Kay v. Schriro

HOLLIGER, Judge.

John R. Kay appeals from the dismissal of his petition for declaratory judgment seeking jail time credit under § 558.031, RSMo 2000. Because we determine that his petition stated a claim upon which relief could be granted, we reverse.

To state a claim upon which relief can be granted, a petition for declaratory judgment must invoke principles of substantive law, which if proven would entitle the plaintiff to a declaration of rights or status. Kennedy v. Mo. Attorney Gen., 922 S.W.2d 68, 70 (Mo.App.1996). In ascertaining the sufficiency of the petition, a court must first assume that all factual allegations of the petition are indeed true. Nazeri v. Mo. Valley Coll, 860 S.W.2d 303, *701306 (Mo. banc 1993). The court must also accord the petition the benefits of any reasonable and favorable inference the well-pleaded facts will permit. Vorbeck v. McNeal, 560 S.W.2d 245, 249 (Mo.App.1977). Provided the allegations of the petition invoke “substantive principles of law which may entitle [plaintiff] to relief,” mere defects or irregularities in pleading will not entail dismissal of the petition. AAA Excavating, Inc. v. Francis Constr., Inc., 678 S.W.2d 889, 894 (Mo.App.1984).

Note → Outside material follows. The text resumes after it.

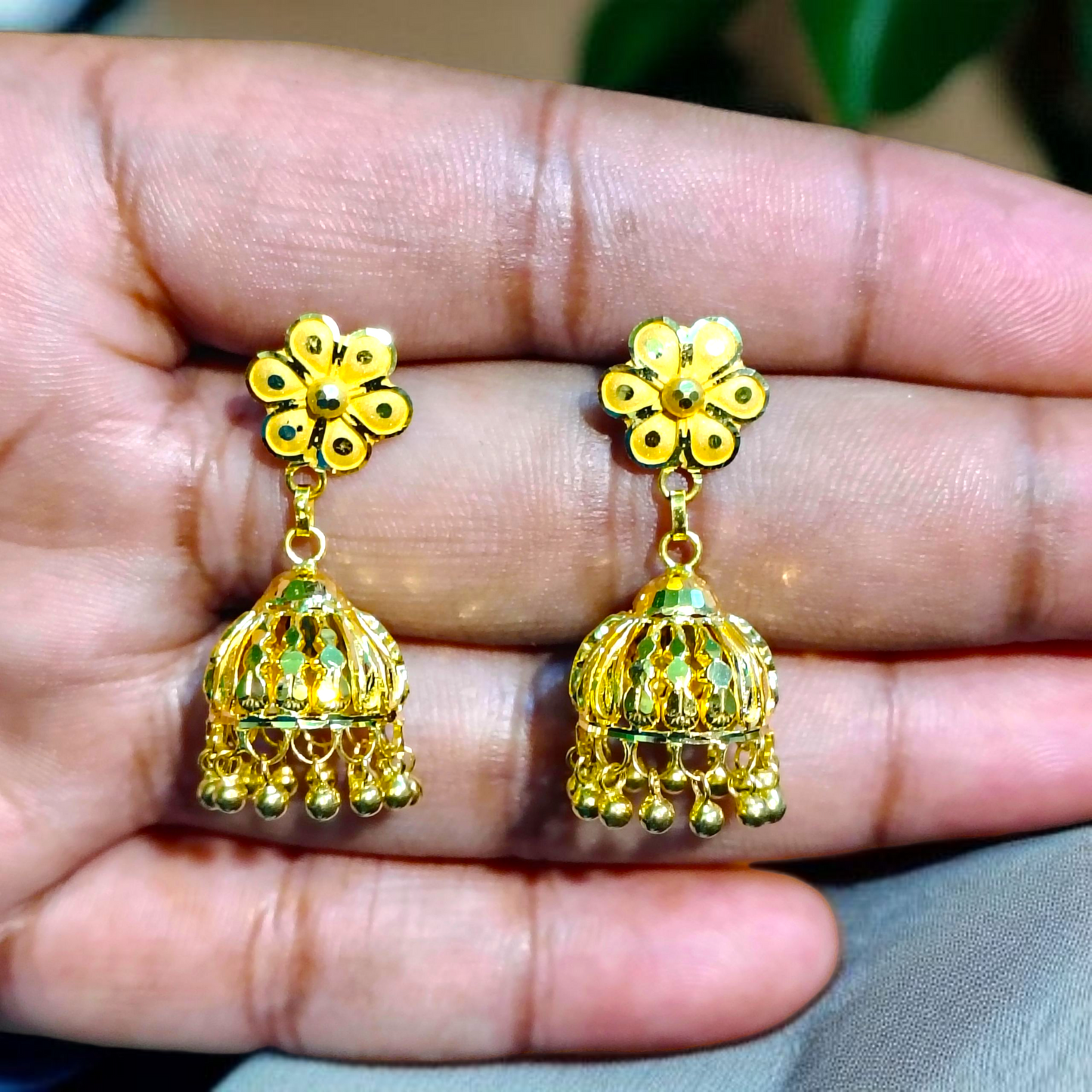 (GER22) BIS CERTIFIED WGT: 4.190 GM APPROX HUID HALLMARK 916 22KT GOLD JHUMKA EARRINGS 1 PAIR FOR WOMEN.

Kay’s pro se petition is not a model of clarity. It attaches and incorporates a sentence and judgment imposed by the Jefferson County Circuit Court on April 3, 2000. It also attaches and incorporates a “Face Sheet” from the Department of Corrections. The Department of Corrections filed no answer before the trial court dismissed the petition sua sponte. Viewed by the standard set forth above, the petition and accompanying exhibits allege the following facts:

John Kay was sentenced on April 4, 1997, in St. Francois County to four years for possession of a controlled substance. On July 20, 1998, he was sentenced in Washington County to three years for possession of a controlled substance. As the offense date was after the beginning of his St. Francois County sentence, we surmise that Kay was on some type of release from the Department of Corrections when he committed the offense. The Face Sheet suggests that he was on probation. The petition and records do not indicate whether his Washington County sentence was to be concurrent or consecutive to the St. Francois County sentence.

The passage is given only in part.